To accomplish proper charging of flooded cells, the charge rate has to be high enough to overcome the cells’ internal resistance. A PV charge rate of C/20 or better is generally considered the minimum needed. For a 1,000 Ah battery at 24 V, this would be 50 A (plus enough to meet the household loads)—or a PV array rated at more than 1,500 watts. While a C/20 rate is the minimum, the preferred rate is between C/12 and C/6, so for each 100 Ah of flooded battery capacity, the combined DC charge rate should be at least 8 A, or C/12, and not more than 16 A, or C/6. This is the combined amperage of all charging sources, including a PV array, wind or hydro generator, or an engine generator.
In the early years, PV modules were far more expensive than today, and batteries were less expensive. Early practice was to size for 4 to 8 days of autonomy, but that led to small arrays and large battery banks, resulting in chronically inadequate charging. Some old-timers will remember “one module per battery”—modules were 35 W to 50 W, or 6 A per pair of golf-cart batteries. At 220 Ah and 6 A of charge, this resulted in a C/36 rate: too low for good battery care.

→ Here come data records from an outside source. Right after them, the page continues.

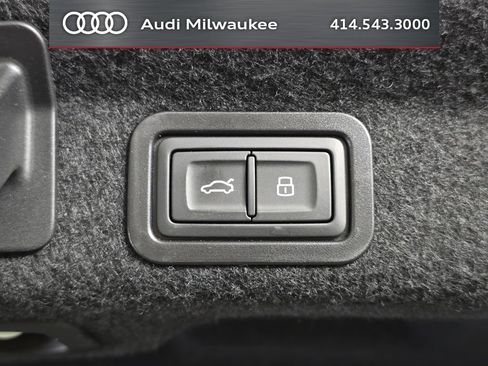 Used 2023 Audi A6 Premium Plus w/ Premium Plus Package AWD/4WD image 10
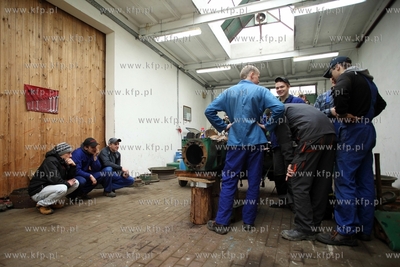 Uczniowie Zespolu Szkol Rolniczych w Rusocinie remontuja...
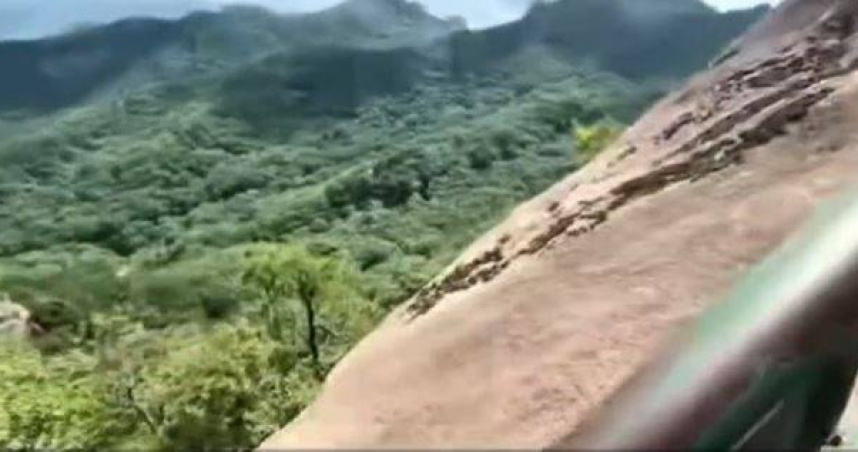 男子2日前往遼寧省丹東市鳳凰山風景區旅遊時，不慎從欄杆上跌落懸崖。（圖／翻攝自新京報）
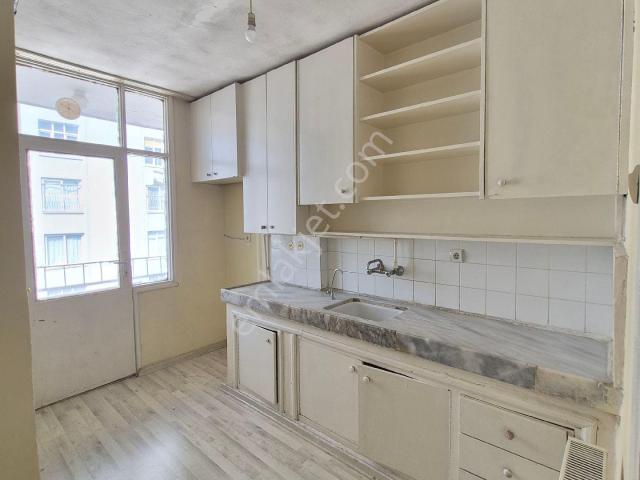 Adana Seyhan Yeşilyurt'ta 3+1 Ferah Balkonlu Daire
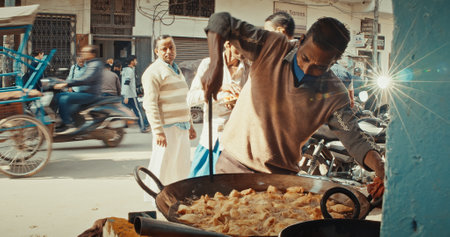 Man Cooking Fried Flatbreads In Oil. Street Food Of India. Traditional Street Food Punjabi Samosa. Vegetarian Samsa Or Samosas. Popular Indian Snacks. Fried Samosasのeditorial素材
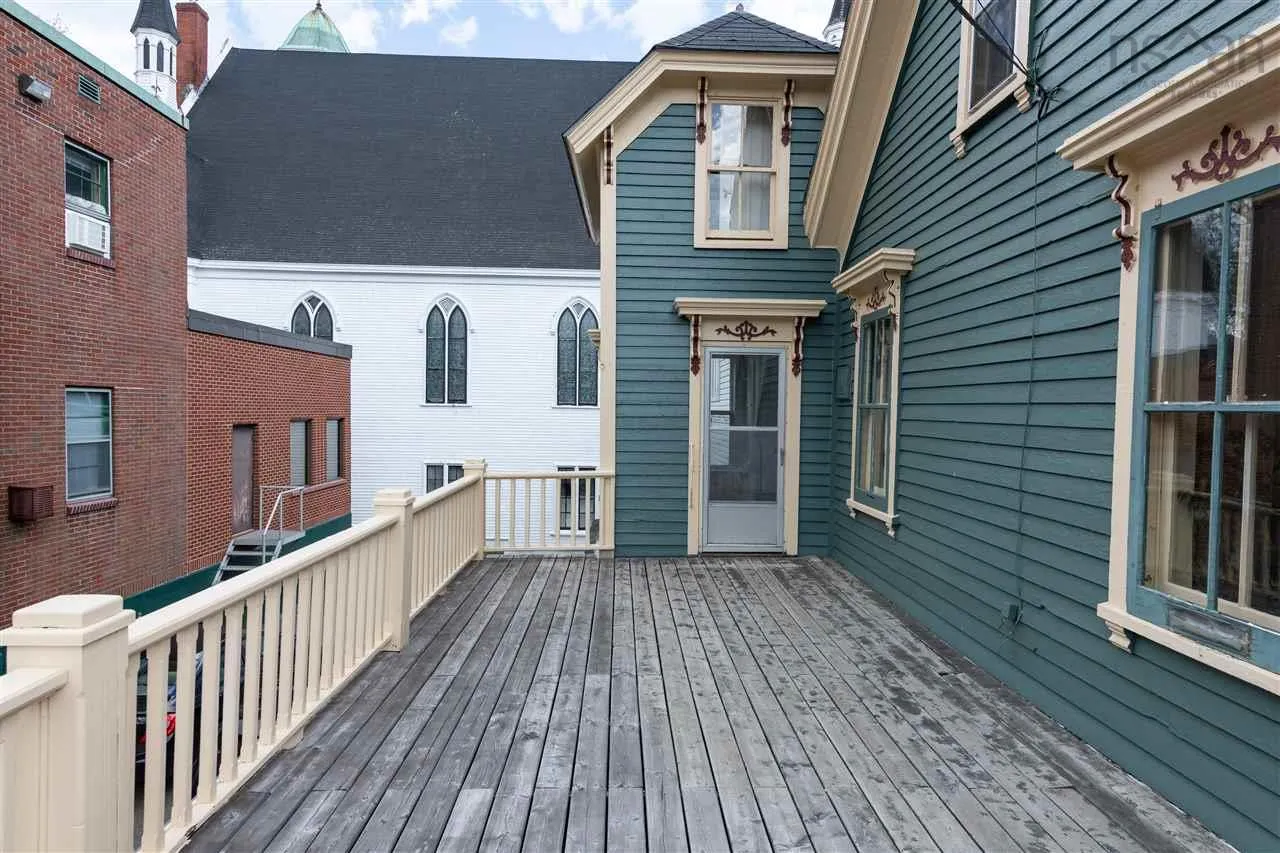 28 King Street, Lunenburg Ns B0j 2c0, 3 Bedrooms Bedrooms, ,2 BathroomsBathrooms,Residential,For Sale,King,202402976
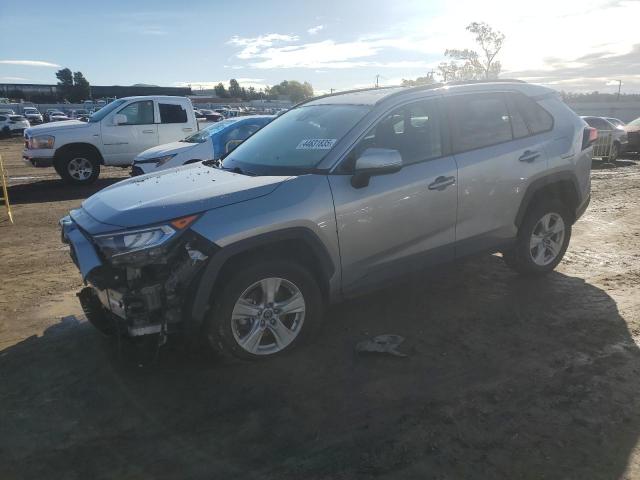 Photo 1 from auction – 2019 TOYOTA RAV4 XLE with VIN 2T3W1RFV4KW038313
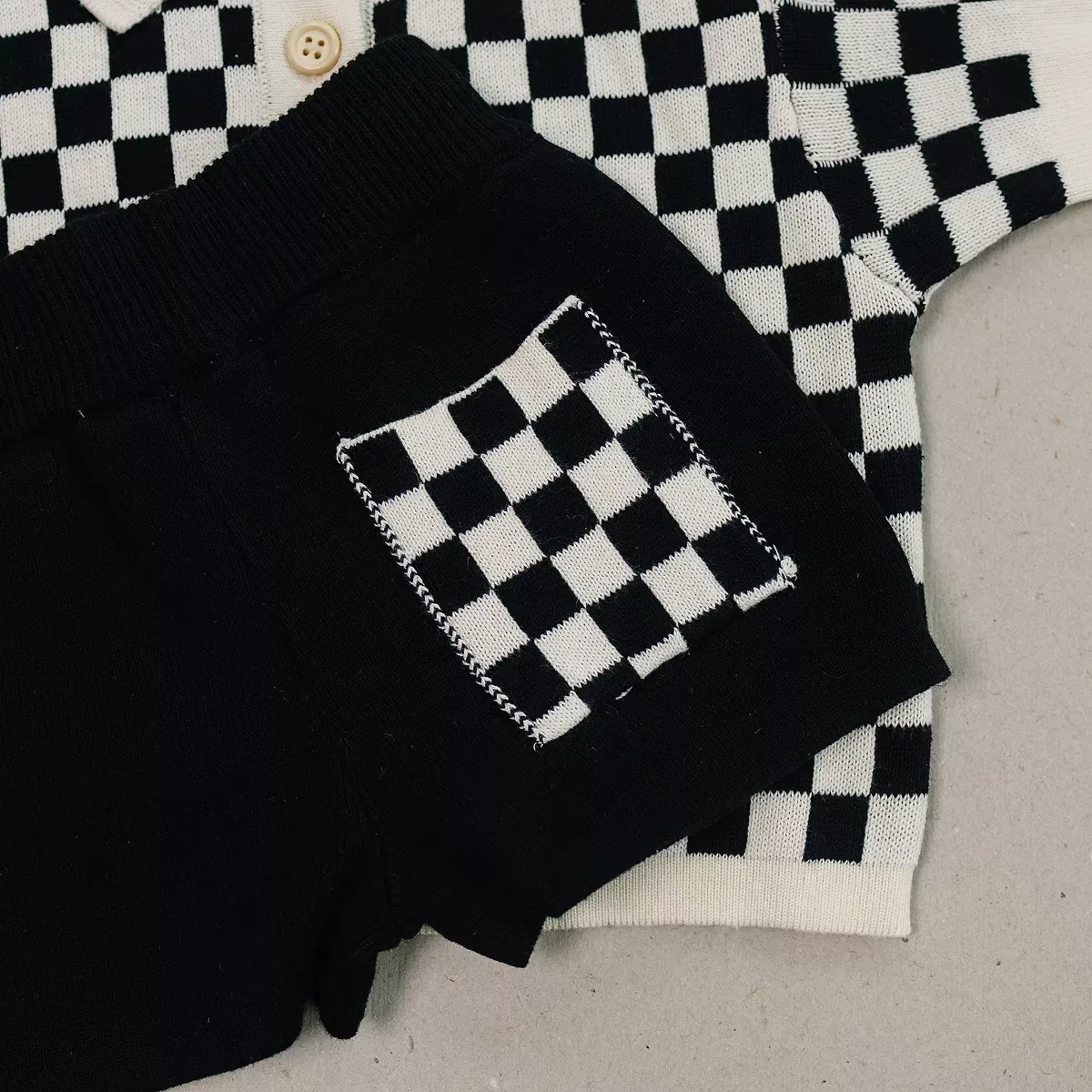 Детский комплект из футболки и шорт с принтом Reese Checkered Knit Collared Short Sleeve Set Olive + Scout, Brown — фото 4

Modern systems now call for only 2 to 3 days of autonomy, as long as the system includes a backup generator to make up for extended cloudiness. If the budget allows, array capacity is expanded, rather than increasing battery capacity.

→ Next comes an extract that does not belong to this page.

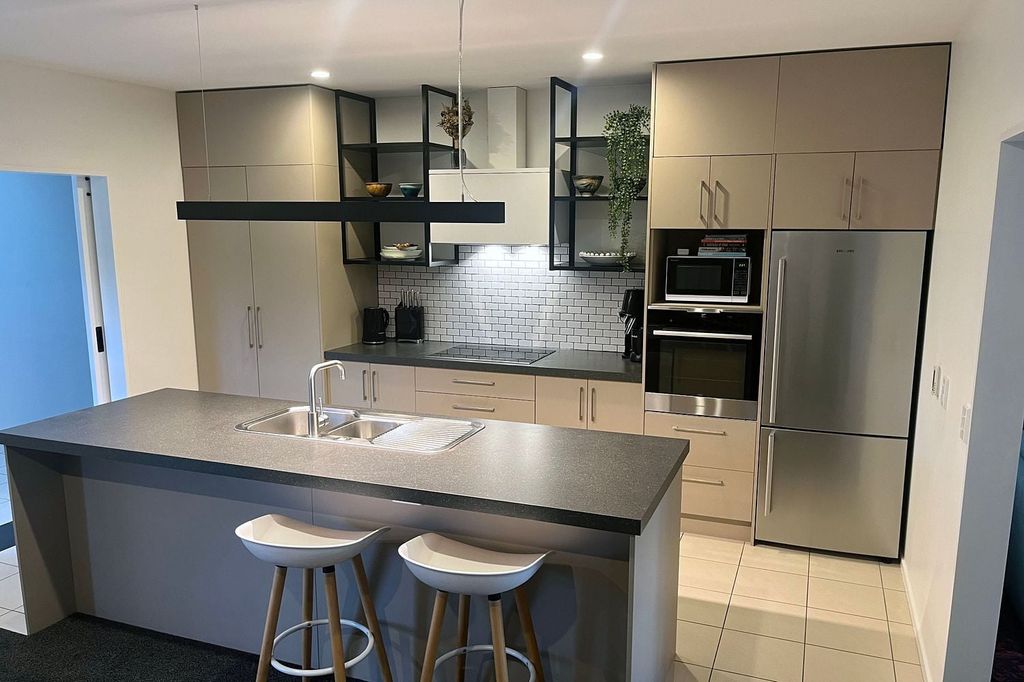 Renovated 4-bedroom family home in Linden Grove 3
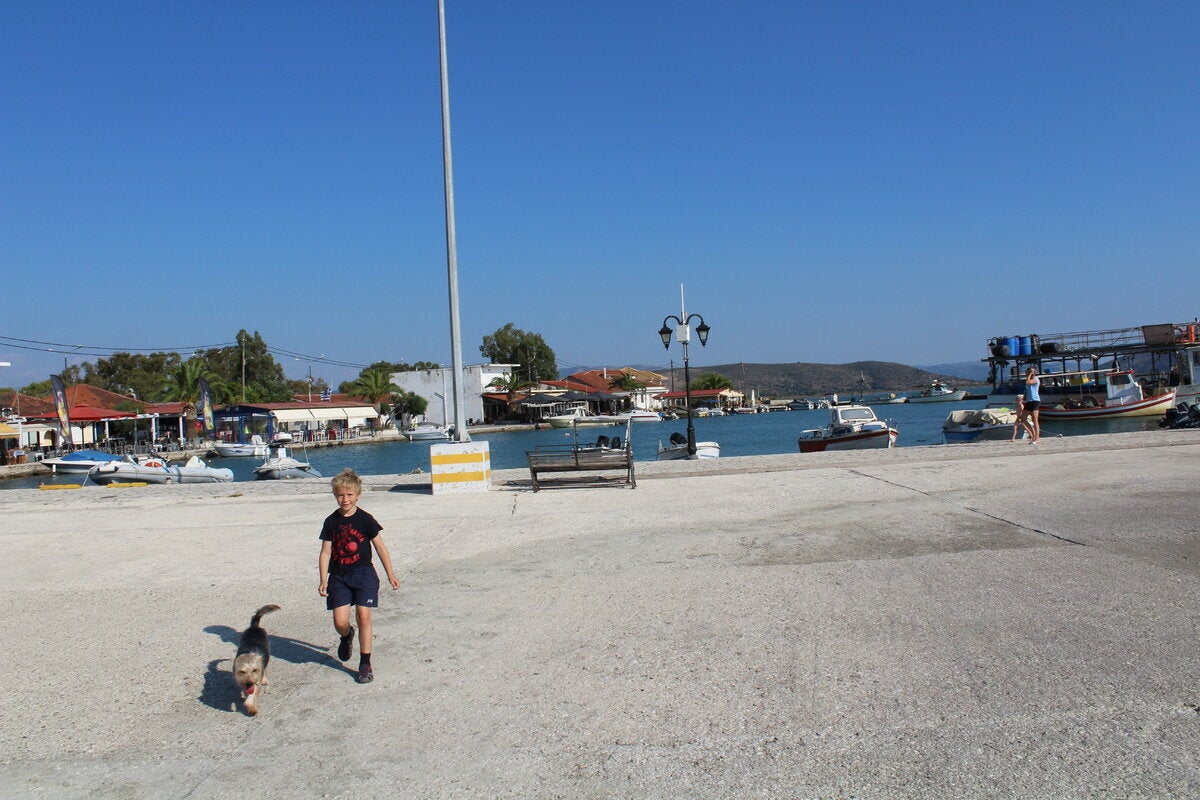 ΣΑΓΙΑΔΑ, ΛΙΜΑΝΑΚΙ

Fewer parallel battery strings in a bank means better performance over the batteries’ life. Slight imbalances between strings within a battery bank can cause increasingly uneven performance, leading to premature failure of part of a bank and early replacement of the entire bank. Larger individual cells allow for fewer strings, as does higher nominal system voltage. A single series string is a wise choice, and two strings in parallel are considered acceptable. Three is the maximum number of parallel strings, but should be avoided if possible.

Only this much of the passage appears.